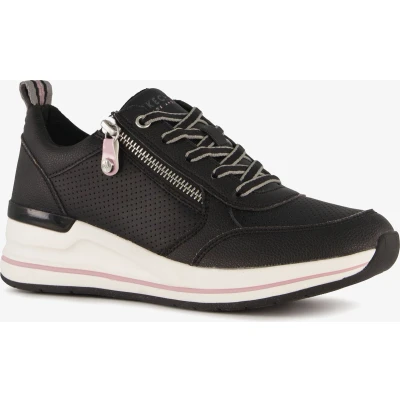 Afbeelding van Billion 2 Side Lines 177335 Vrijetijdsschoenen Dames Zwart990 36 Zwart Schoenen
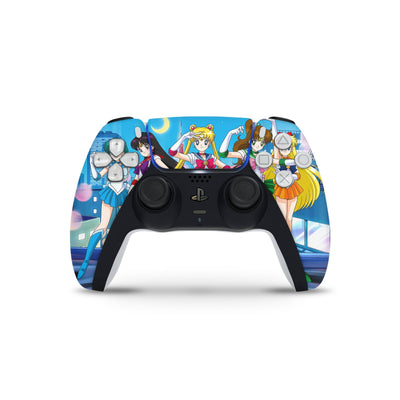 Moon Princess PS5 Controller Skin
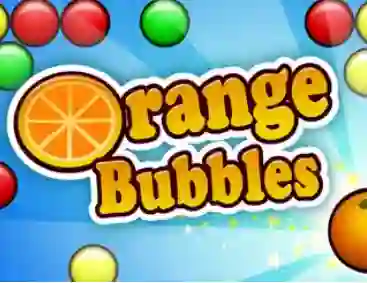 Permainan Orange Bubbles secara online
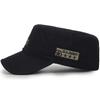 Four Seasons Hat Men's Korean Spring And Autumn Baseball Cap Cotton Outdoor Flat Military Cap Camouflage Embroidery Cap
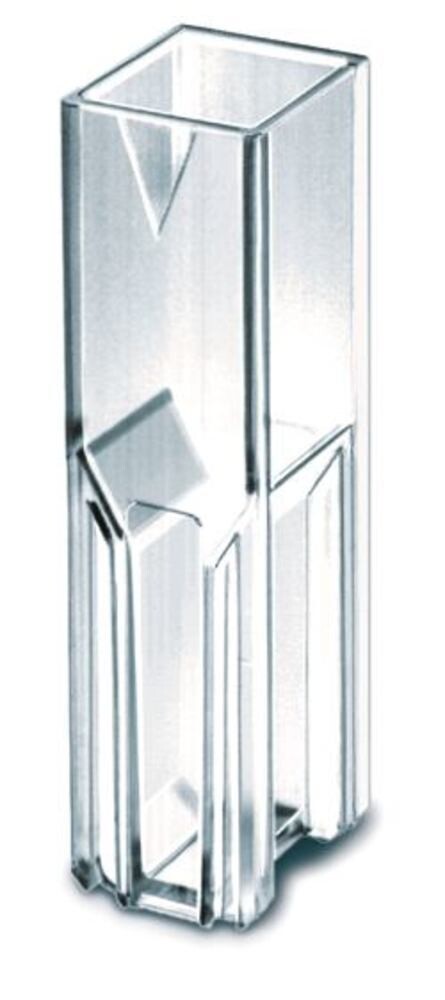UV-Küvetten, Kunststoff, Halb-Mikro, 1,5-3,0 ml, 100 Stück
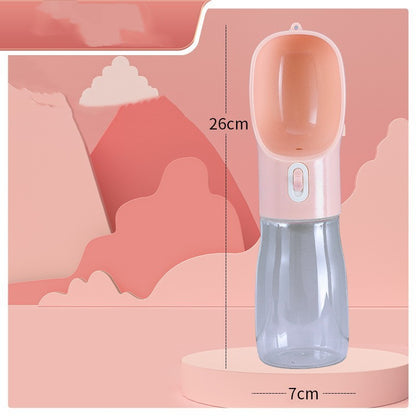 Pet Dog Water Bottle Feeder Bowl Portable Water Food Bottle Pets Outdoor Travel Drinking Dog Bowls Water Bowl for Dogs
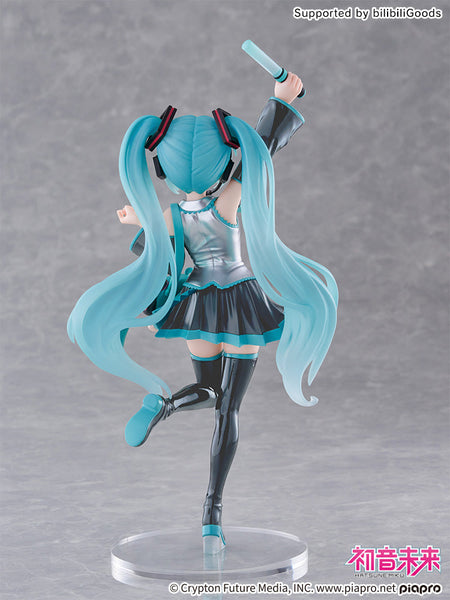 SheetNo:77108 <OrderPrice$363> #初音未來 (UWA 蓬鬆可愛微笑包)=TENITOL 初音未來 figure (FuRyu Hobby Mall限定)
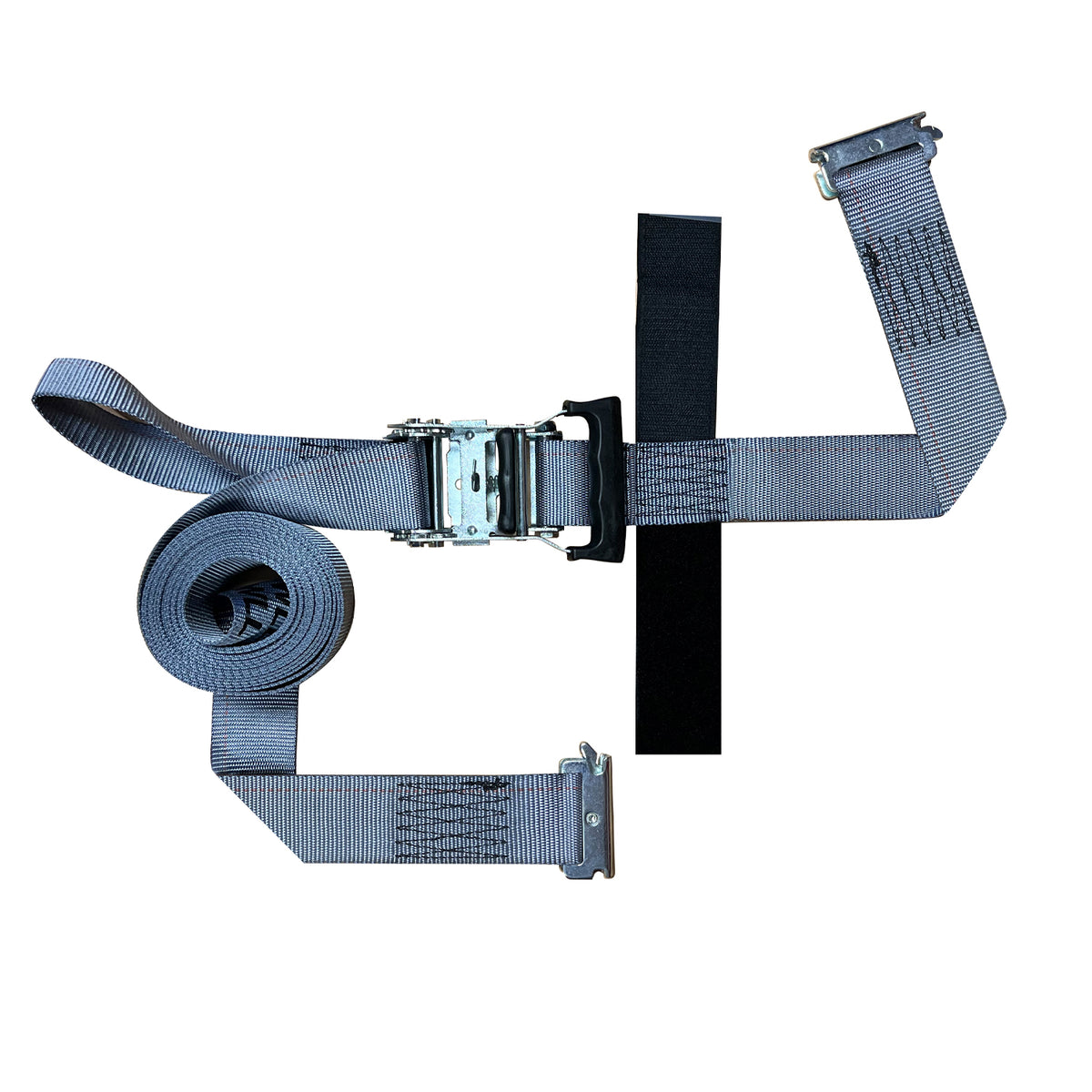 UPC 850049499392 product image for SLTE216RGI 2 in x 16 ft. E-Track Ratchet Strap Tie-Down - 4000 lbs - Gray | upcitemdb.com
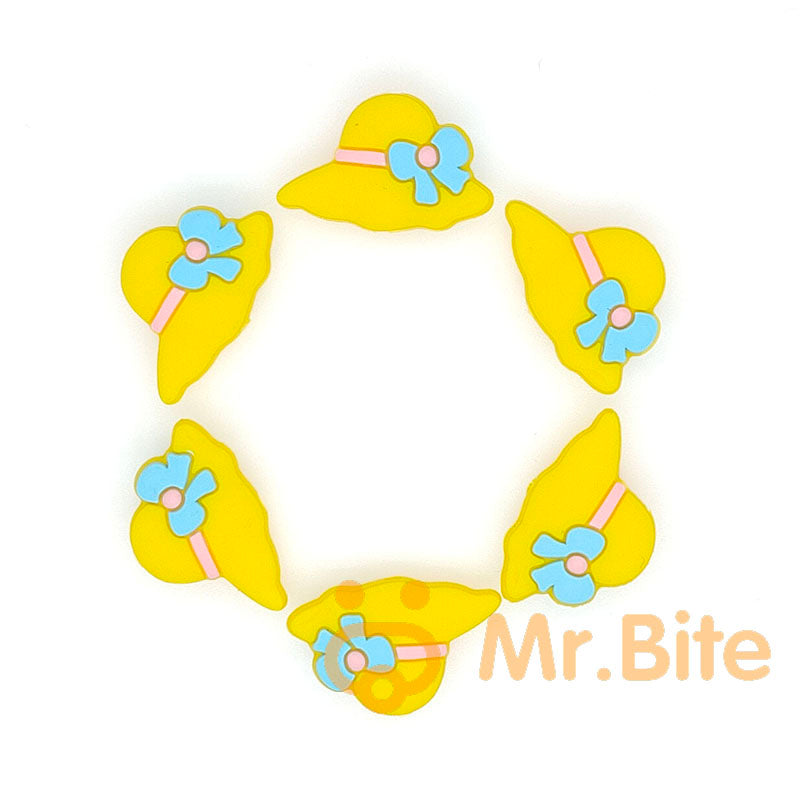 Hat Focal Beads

::::::::::

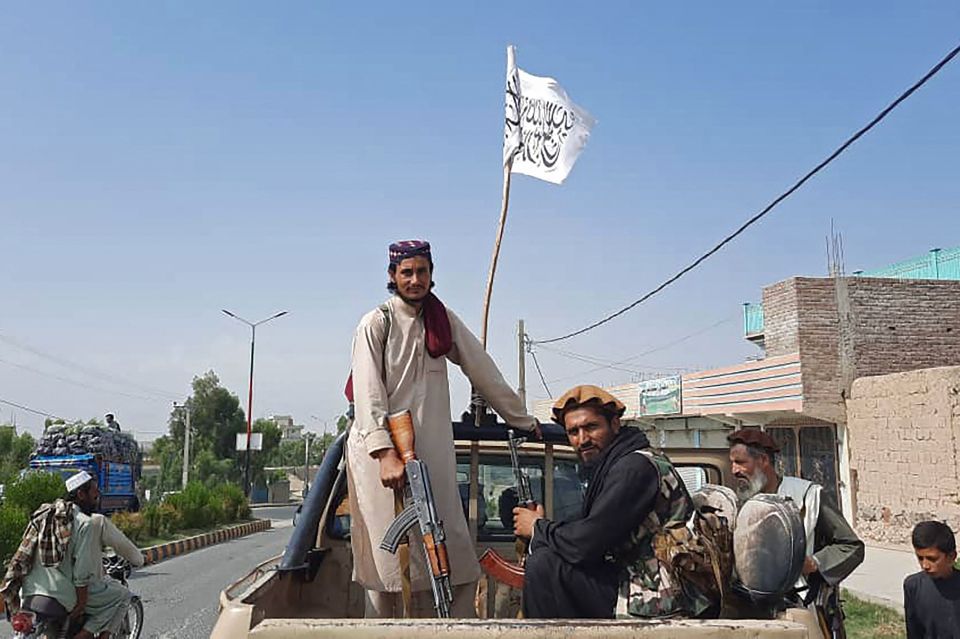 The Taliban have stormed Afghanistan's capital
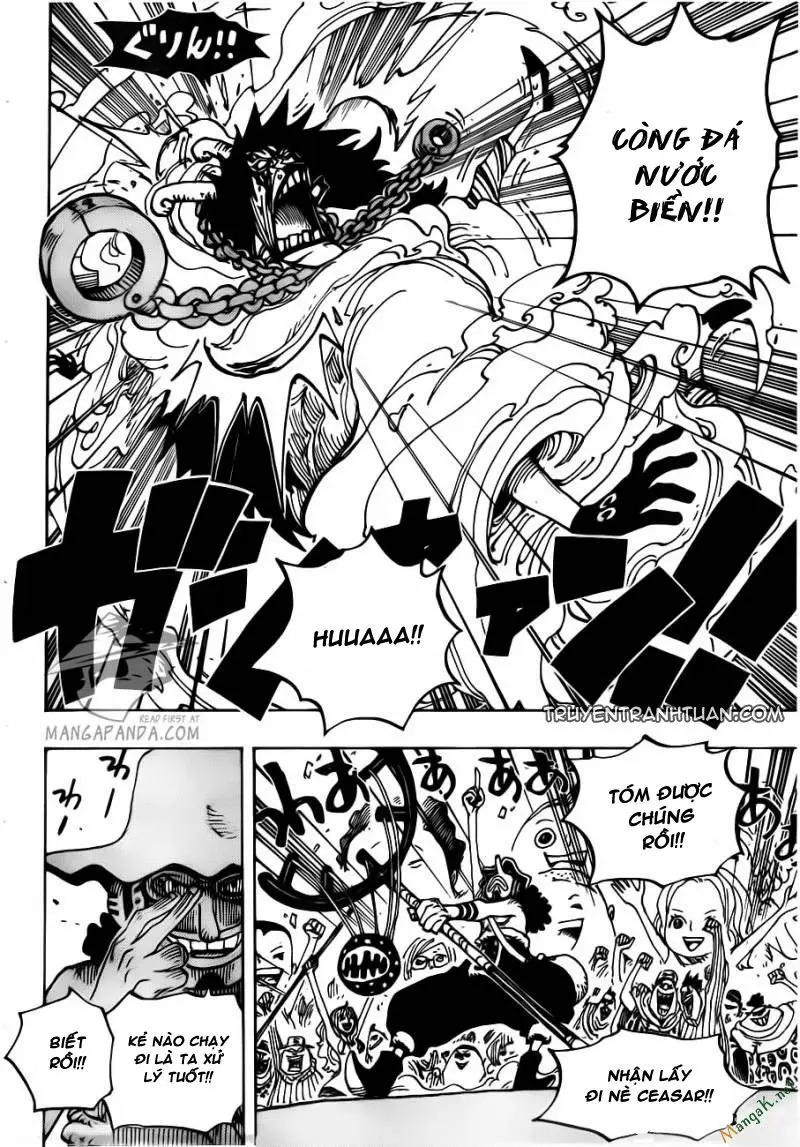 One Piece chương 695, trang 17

::::::::::

**What needs to be done:** Leave the pictures out. Output, exactly, the lines of the material above starting at the line containing "Afbeelding van Billion" and ending at the line containing "Hat Focal Beads".

**Written solution:**
 Afbeelding van Billion 2 Side Lines 177335 Vrijetijdsschoenen Dames Zwart990 36 Zwart Schoenen
 Moon Princess PS5 Controller Skin
 Permainan Orange Bubbles secara online
 Four Seasons Hat Men's Korean Spring And Autumn Baseball Cap Cotton Outdoor Flat Military Cap Camouflage Embroidery Cap
UV-Küvetten, Kunststoff, Halb-Mikro, 1,5-3,0 ml, 100 Stück
 Pet Dog Water Bottle Feeder Bowl Portable Water Food Bottle Pets Outdoor Travel Drinking Dog Bowls Water Bowl for Dogs
 SheetNo:77108 <OrderPrice$363> #初音未來 (UWA 蓬鬆可愛微笑包)=TENITOL 初音未來 figure (FuRyu Hobby Mall限定)
 UPC 850049499392 product image for SLTE216RGI 2 in x 16 ft. E-Track Ratchet Strap Tie-Down - 4000 lbs - Gray | upcitemdb.com
 Hat Focal Beads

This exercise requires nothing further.